Pattern 1: producer + consumer

defmodule Collector do
  use GenStage

  def init(pid), do: {:consumer, pid}

  def handle_events(batches, _from, pid) do
    send(pid, {:batches, batches})
    {:noreply, [], pid}
  end
end

{:ok, producer} =
  ExArrow.GenStage.ParquetProducer.start_link(path: "/data/events.parquet")

{:ok, consumer} = GenStage.start_link(Collector, self())
GenStage.sync_subscribe(consumer, to: producer, max_demand: 4)

Pattern 2: producer-consumer

A producer-consumer transforms events between a producer and a consumer. This is where you plug in ExArrow.Batch transformations:

defmodule MyTransformer do
  use GenStage

  def init(state), do: {:producer_consumer, state}

  def handle_events(batches, _from, state) do
    transformed =
      Enum.map(batches, fn batch ->
        {:ok, slim} = ExArrow.Batch.select(batch, ["id"])
        slim
      end)

    {:noreply, transformed, state}
  end
end

{:ok, producer} = ExArrow.GenStage.ParquetProducer.start_link(path: "/data/events.parquet")
{:ok, transformer} = GenStage.start_link(MyTransformer, :ok)
{:ok, consumer} = GenStage.start_link(Collector, self())

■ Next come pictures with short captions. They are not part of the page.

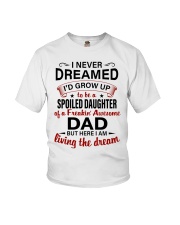 I AM LIVING THE DREAM - LOVELY GIFT FOR DAUGHTER Youth T-Shirt tile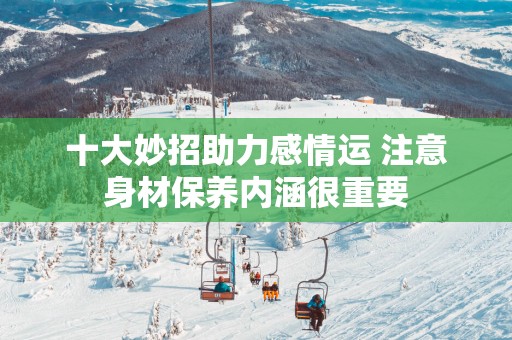 十大妙招助力感情运 注意身材保养内涵很重要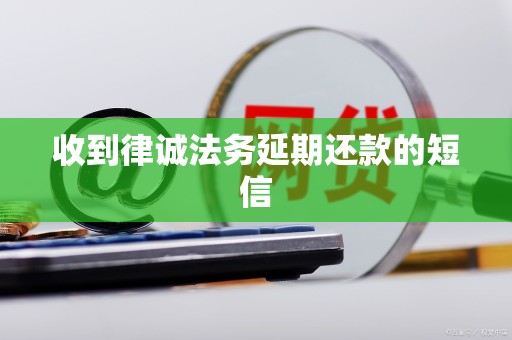 收到律诚法务延期还款的短信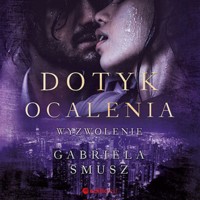 Dotyk ocalenia. Wyzwolenie - Smusz Gabriela - ebook + audiobook + książka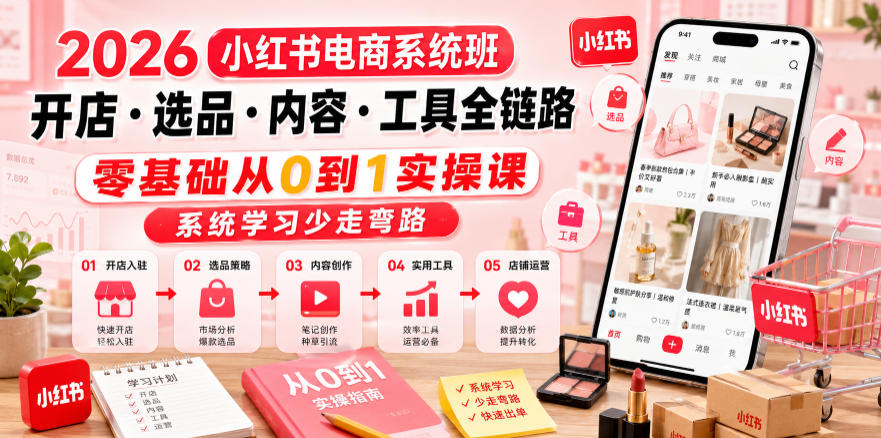 2026小红书电商系统班开店・选品・内容・工具全链路，零基础从0到1实操课，系统学习少走弯路-水滴知识网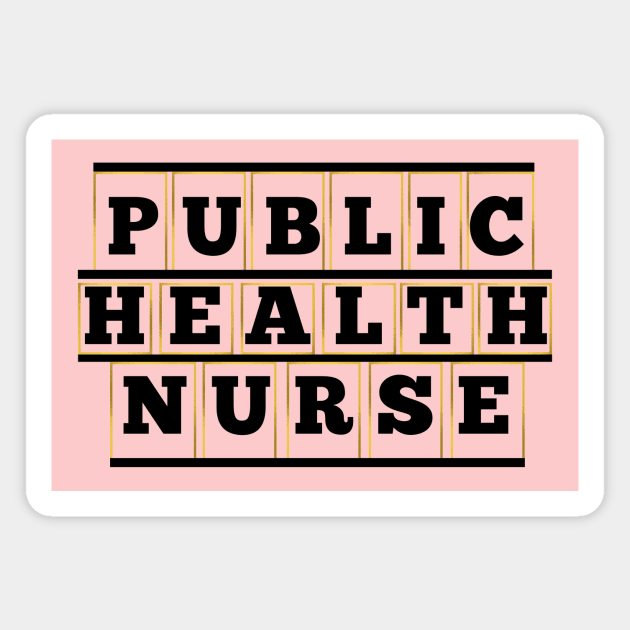 Public Health Nurse Magnet by Haministic Harmony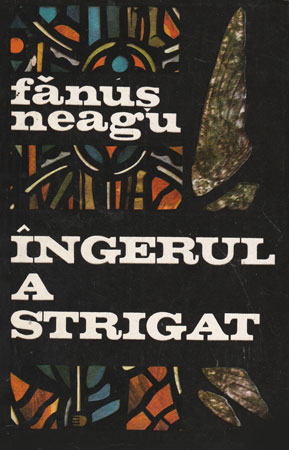 Ingerul a strigat - roman (Fanus Neagu)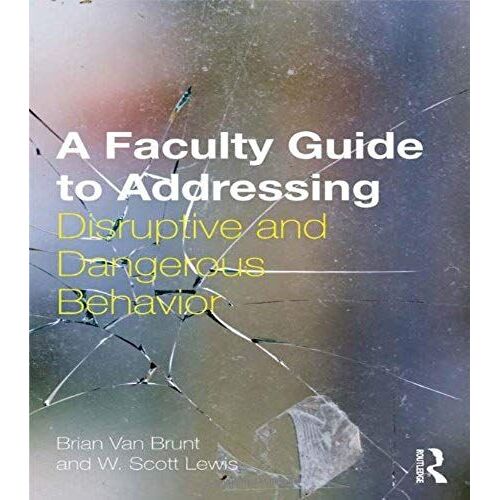 A Faculty Guide To Addressing Disruptive And Dangerous Behavior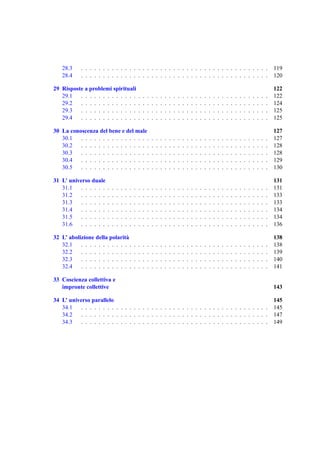 28.3     . . . . . . . . . . . . . . . . . . . . . . . . . . . . . . . . . . . . . . . . . . .                                                                            119
   28.4     . . . . . . . . . . . . . . . . . . . . . . . . . . . . . . . . . . . . . . . . . . .                                                                            120

29 Risposte a problemi spirituali                                                                                                                                            122
   29.1   . . . . . . . . . . . . .                  .   .   .   .   .   .   .   .   .   .   .   .   .   .   .   .   .   .   .   .   .   .   .   .   .   .   .   .   .   .   122
   29.2   . . . . . . . . . . . . .                  .   .   .   .   .   .   .   .   .   .   .   .   .   .   .   .   .   .   .   .   .   .   .   .   .   .   .   .   .   .   124
   29.3   . . . . . . . . . . . . .                  .   .   .   .   .   .   .   .   .   .   .   .   .   .   .   .   .   .   .   .   .   .   .   .   .   .   .   .   .   .   125
   29.4   . . . . . . . . . . . . .                  .   .   .   .   .   .   .   .   .   .   .   .   .   .   .   .   .   .   .   .   .   .   .   .   .   .   .   .   .   .   125

30 La conoscenza del bene e del male                                                                                                                                         127
   30.1   . . . . . . . . . . . . . . . .                        .   .   .   .   .   .   .   .   .   .   .   .   .   .   .   .   .   .   .   .   .   .   .   .   .   .   .   127
   30.2   . . . . . . . . . . . . . . . .                        .   .   .   .   .   .   .   .   .   .   .   .   .   .   .   .   .   .   .   .   .   .   .   .   .   .   .   128
   30.3   . . . . . . . . . . . . . . . .                        .   .   .   .   .   .   .   .   .   .   .   .   .   .   .   .   .   .   .   .   .   .   .   .   .   .   .   128
   30.4   . . . . . . . . . . . . . . . .                        .   .   .   .   .   .   .   .   .   .   .   .   .   .   .   .   .   .   .   .   .   .   .   .   .   .   .   129
   30.5   . . . . . . . . . . . . . . . .                        .   .   .   .   .   .   .   .   .   .   .   .   .   .   .   .   .   .   .   .   .   .   .   .   .   .   .   130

GenStage.sync_subscribe(transformer, to: producer, max_demand: 1)
GenStage.sync_subscribe(consumer, to: transformer, max_demand: 1)

Pattern 3: producer + producer-consumer + consumer (full pipeline)

Combine the two patterns for a three-stage pipeline:

ParquetProducer  Selector  Collector

Each stage honours demand, so the producer only reads row groups as fast as the collector can acknowledge them.

Telemetry

Every batch emitted by an ExArrow producer fires a [:ex_arrow, :stream, :batch] telemetry event with rows, columns, and batch_count measurements and %{source: ...} metadata.

Error handling

If ExArrow.Stream.next/1 returns {:error, reason} the producer sends itself a stop message and exits :normal. Consumers see a producer :DOWN notification. For finer-grained error propagation, wrap the producer in a Supervisor with a restart strategy and monitor the producer process.

Choosing between Flow and GenStage

Use GenStage whenUse Flow when
You need explicit demand/backpressureYou want Fire-and-forget parallelism
You are building a long-running pipelineYou are doing a one-shot batch job
You want to wire custom consumersYou want partition/reduce semantics

GenStage is the lower-level building block; Flow is built on top of it. ExArrow exposes both so you can pick the right tool for each workload.